Exploring Defense of SQL Injection Attack in Penetration Testing
SQLIA is adopted to attack websites with and without confidential information. Hackers utilize the compromised website as intermediate proxy to attack others for avoiding being committed of cyber-criminal and also enlarging the scale of Distributed Denial of Service Attack (DDoS). The DDoS is that hackers maliciously turn down a website and make network resources unavailable to web users. It is extremely difficult to effectively detect and prevent SQLIA because hackers adopt various evading SQLIA Intrusion Detection System techniques. Victims always are not aware of that their confidential information has been compromised for a long time.
The contributions of this thesis are: (1) systematically explore SQLIA, SQLIA prevention in theory; (2) demonstrate, evaluate imitative SQLIA with open source SQLIA tools and SQLIA prevention tools in practice; (3) new filters for eliminating SQLIA evading IDS/IPS detection techniques to improve SQLIA prevention.

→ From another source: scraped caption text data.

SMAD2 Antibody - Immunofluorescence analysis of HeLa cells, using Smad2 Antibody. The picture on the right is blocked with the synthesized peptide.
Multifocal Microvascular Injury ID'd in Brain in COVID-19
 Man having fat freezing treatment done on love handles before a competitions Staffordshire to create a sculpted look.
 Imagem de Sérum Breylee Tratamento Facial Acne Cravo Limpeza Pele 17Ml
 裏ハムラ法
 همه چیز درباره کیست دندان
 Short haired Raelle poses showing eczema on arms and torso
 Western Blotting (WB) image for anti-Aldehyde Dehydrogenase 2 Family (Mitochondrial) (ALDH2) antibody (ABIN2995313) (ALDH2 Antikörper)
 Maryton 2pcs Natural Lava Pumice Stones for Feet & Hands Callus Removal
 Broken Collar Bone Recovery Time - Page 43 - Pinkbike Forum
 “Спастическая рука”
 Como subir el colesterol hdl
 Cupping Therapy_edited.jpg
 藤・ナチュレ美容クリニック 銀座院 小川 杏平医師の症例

The achievements of this thesis are to successfully obtain 637 copies replied questionaire of surveying open source SQLIA tools and open source SQLIA prevention tools in quantitative research. Up to 76 virtual websites which have not been installed any SQLIA prevention tools have been successfully compromised in 500 penetration tests by SQLIA experiments in virtual environment of qualitative research. Furthermore, 27 compromised virtual websites that are installed with SQLIA prevention tools have experiences 600 times penetration tests. The open source SQLIA prevention tools successfully prevent total 573 times out of 600 times SQLIA penetration tests. To conduct 100 times penetration tests for each new filters of eliminating SQL injection evading IDS/IPS detection and testing result shows that all new filters can successfully prevent evading techniques with a high percentage, but with some side effect.